Ces colonies installées sur les territoires palestiniens occupés par Israël depuis 1967 sont en effet jugées illégales par l’ONU, et une grande partie de la communauté internationale voit en elles un obstacle majeur à la paix.
Mike Pompeo a donc décidé que cet avis de 1978 était caduc.
« La vérité, c’est qu’il n’y aura jamais de solution judiciaire au conflit, et que les débats sur qui a raison et qui a tort au regard du droit international n’apporteront pas la paix », a-t-il estimé.
Il a également fait valoir que cette décision ne préjugeait pas du « statut final » de la Cisjordanie, dont le sort dépendra de futures négociations entre Israéliens et Palestiniens, rendues très hypothétiques par un processus de paix au point mort. L’administration Trump tarde d’ailleurs à dévoiler son propre plan de paix, surnommée « accord du siècle », et rejeté par avance par les Palestiniens.
En avril, Mike Pompeo avait refusé de dire si Washington s’opposerait à une éventuelle annexion des colonies de Cisjordanie par Israël, une idée évoquée par la droite israélienne au pouvoir.
Coup de pouce à Netanyahou
La décision américaine pourrait être interprétée comme un nouveau coup de pouce à Benyamin Netanyahou, qui a proposé d’annexer une partie des colonies de Cisjordanie occupée, au moment où les partis israéliens mènent de difficiles tractations pour former un gouvernement.
Pour le chef du gouvernement sortant, l’interprétation de son plus proche allié sur les colonies « est le reflet d’une vérité historique : que les juifs ne sont pas des colonisateurs étrangers en Judée-Samarie », selon le nom biblique utilisé en Israël pour désigner la Cisjordanie occupée.
Selon le rabbin Alissa Wise, co-directeur de Jewish Voice for Peace, l’annonce de l’administration américaine concernant les colonies vise à apporter un soutien politique tant à Netanyahou qu’à Donald Trump lui-même, qui souhaite être réélu en 2020.

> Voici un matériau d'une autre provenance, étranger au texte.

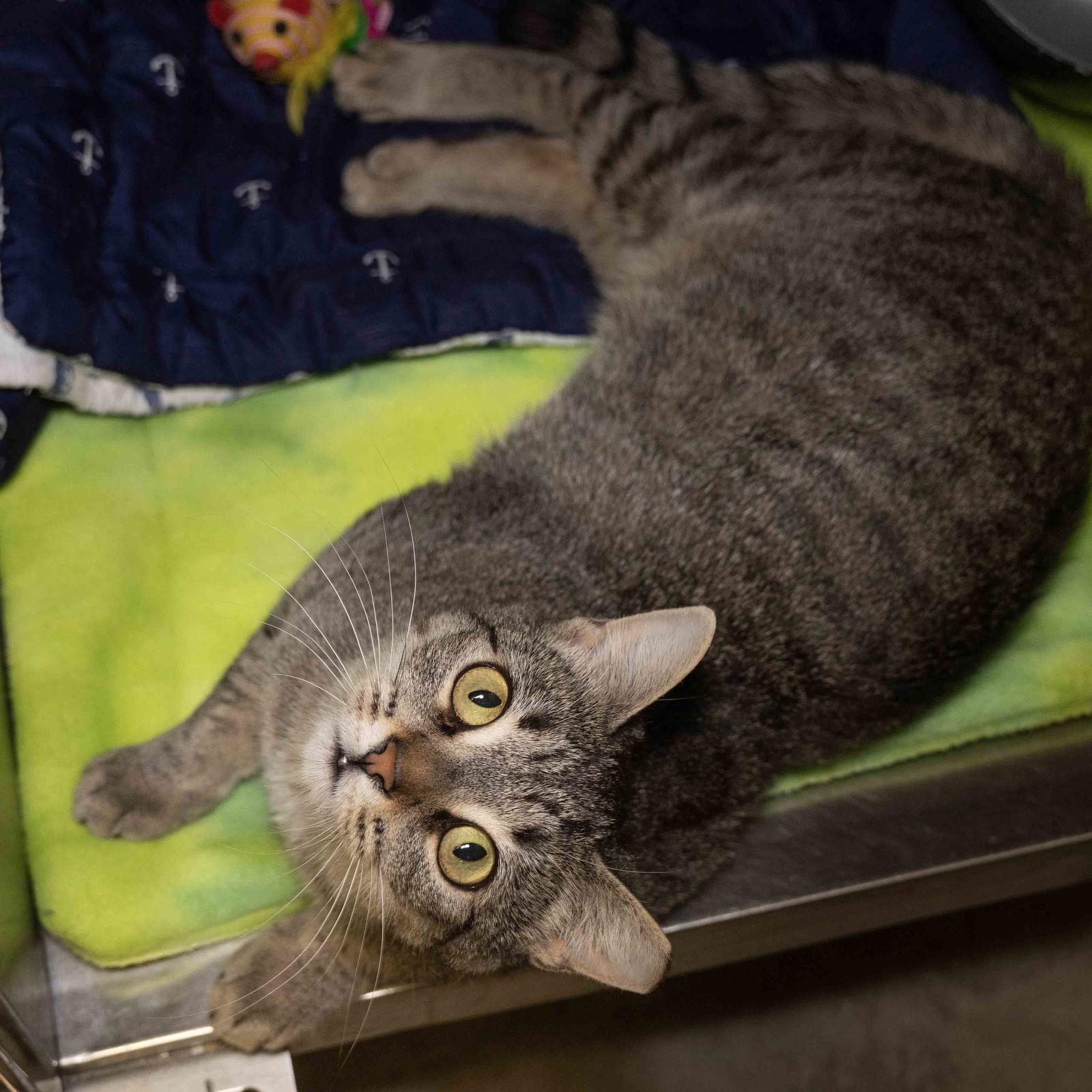 Carla, Adoptable, Young Female Domestic Short Hair.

« L’administration Trump ne s’est jamais concentrée sur la promotion de la paix, mais cherche plutôt à soutenir la carrière de Netanyahou et de Trump, et à perpétuer le contrôle et la domination d’Israël sur la terre et les vies des Palestiniens, à tout prix », a-t-il déclaré dans un communiqué.
L’Autorité palestinienne de Mahmoud Abbas a pour sa part vivement condamné la déclaration américaine.

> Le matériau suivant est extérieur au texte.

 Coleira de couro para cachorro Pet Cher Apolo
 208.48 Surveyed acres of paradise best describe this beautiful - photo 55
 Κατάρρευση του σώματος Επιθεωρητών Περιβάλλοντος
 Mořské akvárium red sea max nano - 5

Washington n’est « pas qualifié ou autorisé à annuler des dispositions de droit international et n’a pas le droit de légaliser des colonies israéliennes », a déclaré le porte-parole de la présidence palestinienne, Nabil Abou Roudeina.
« La politique israélienne consistant à installer des civils dans des territoires occupés est considérée comme un crime de guerre par le statut de la Cour pénale internationale »
- Amnesty International
L’AP ne considère plus les États-Unis comme un médiateur possible, ni même un simple interlocuteur, dans le conflit qui l’oppose à Israël et a mis fin à tous ses contacts avec les Américains depuis l’annonce concernant Jérusalem.
Washington a en outre cessé toute aide financière aux Palestiniens.
L’Union européenne s’est aussi rapidement démarquée de l’annonce de Washington, en rappelant sa position « claire » et « inchangée ».
« Toute activité de colonisation est illégale au regard du droit international et compromet la viabilité de la solution à deux États et les perspectives d’une paix durable, comme le réaffirme la résolution 2334 du Conseil de sécurité des Nations unies », a déclaré la cheffe de la diplomatie européenne Federica Mogherini dans un communiqué à Bruxelles.
Les colonies de peuplement israéliennes dans les territoires palestiniens occupés constituent une violation de la Convention de Genève relative à la protection des personnes civiles en temps de guerre.
« La politique israélienne consistant à installer des civils dans des territoires occupés est considérée comme un crime de guerre par le statut de la Cour pénale internationale », a rappelé Amnesty International.